A word-for-word copy of the records below is needed, without the images.

Data items
== == ==

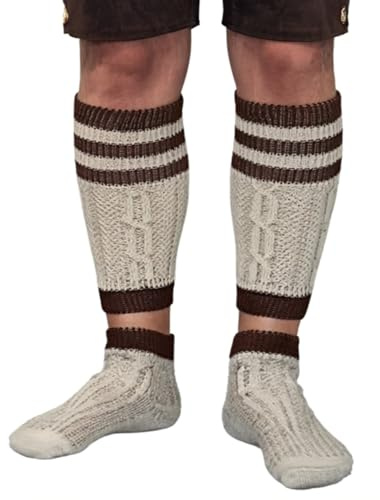 Dirndl Trachten Haus Men's 2-Piece Long Traditional German Over The Calf Lederhosen Socks Cream/Brown XL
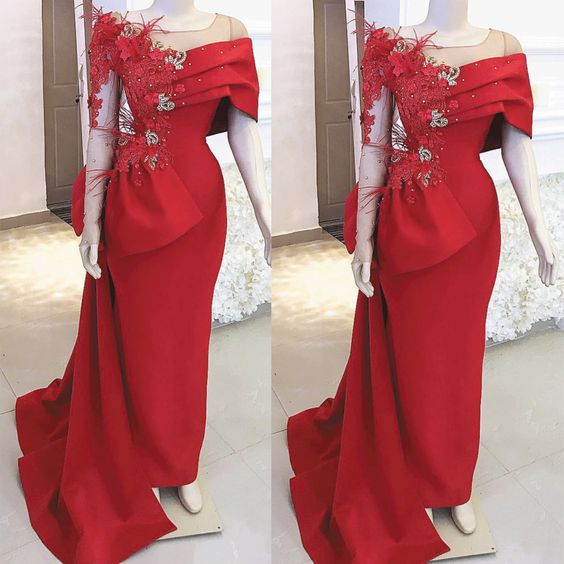 Red Prom Dresses, 2020 Prom Dresses, Feather Prom Dresses, Lace Prom Dresses, Arabic Prom Dresses, Side Slit Prom Dresses, Feather Prom Dresses,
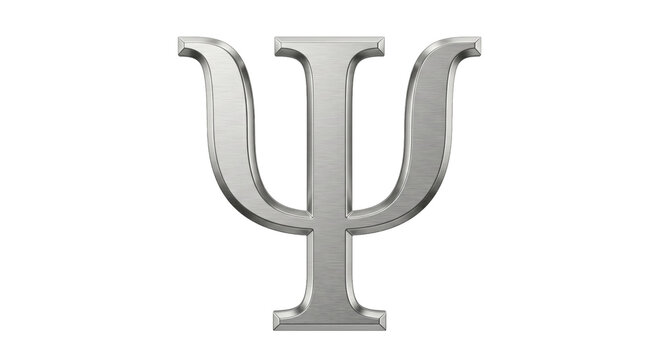 The Greek letter Psi rendered in brushed metal, symbolizing psychology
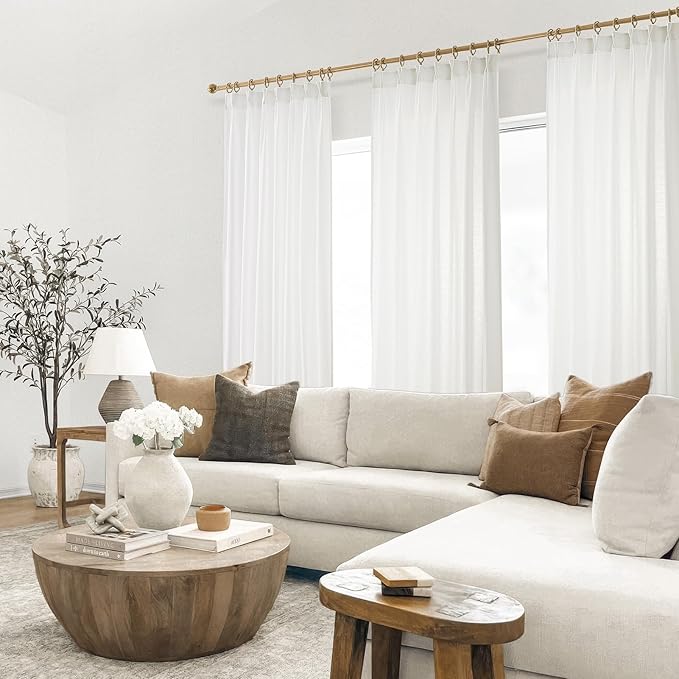 Topfinel 105 Inches Long Pinch Pleated Semi Sheer Curtains - Image 6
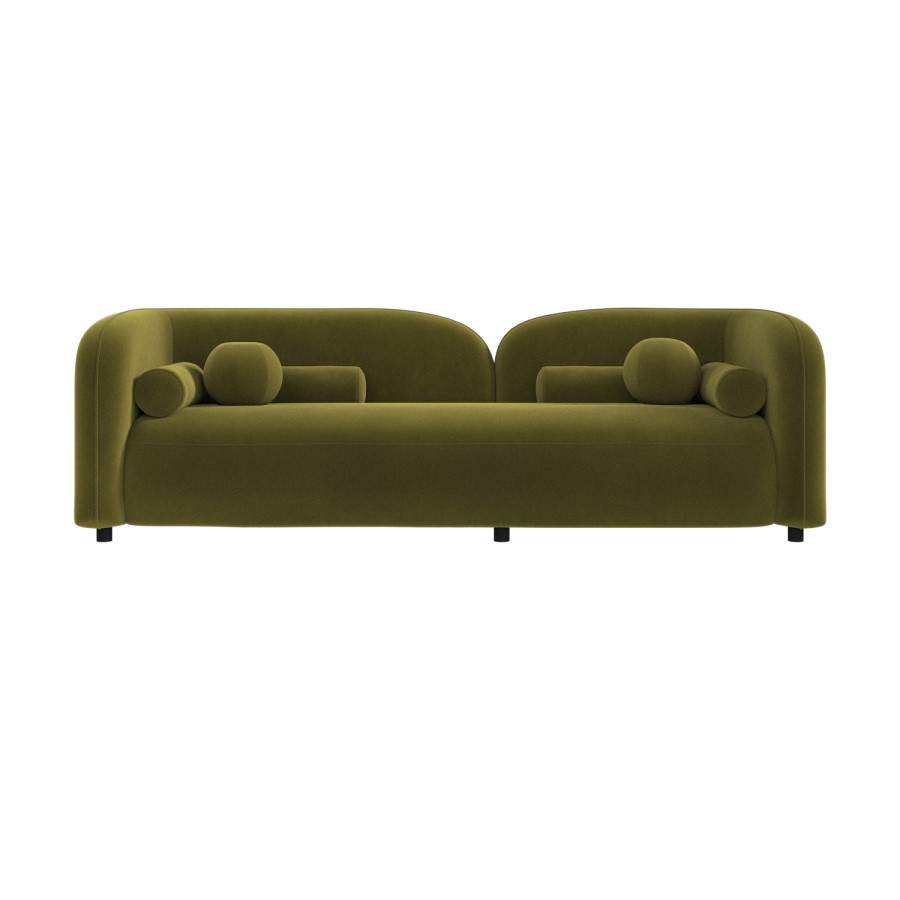 ALMOST PERFECT - Olive Green Velvet Curved 3 Seater Cloud Sofa - Elma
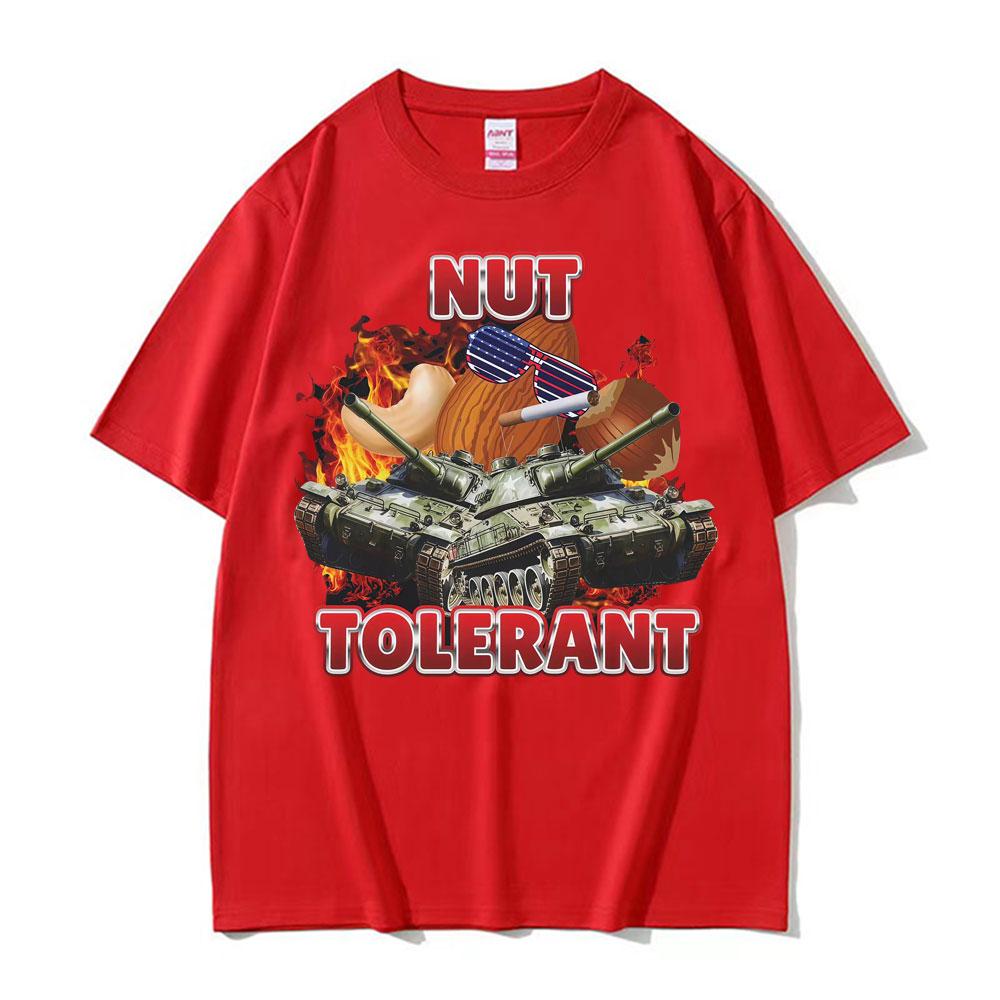 

Nut Tolerant Funny Goofy Ahh Meme Tshirts Unisex High Street Vintage Short Sleeve T Shirt Men Summer Fashion Oversized Tees S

== == ==

#### [FINISHED EXERCISE]
 Dirndl Trachten Haus Men's 2-Piece Long Traditional German Over The Calf Lederhosen Socks Cream/Brown XL
 Red Prom Dresses, 2020 Prom Dresses, Feather Prom Dresses, Lace Prom Dresses, Arabic Prom Dresses, Side Slit Prom Dresses, Feather Prom Dresses,
 The Greek letter Psi rendered in brushed metal, symbolizing psychology
 Topfinel 105 Inches Long Pinch Pleated Semi Sheer Curtains - Image 6
 ALMOST PERFECT - Olive Green Velvet Curved 3 Seater Cloud Sofa - Elma

Nut Tolerant Funny Goofy Ahh Meme Tshirts Unisex High Street Vintage Short Sleeve T Shirt Men Summer Fashion Oversized Tees S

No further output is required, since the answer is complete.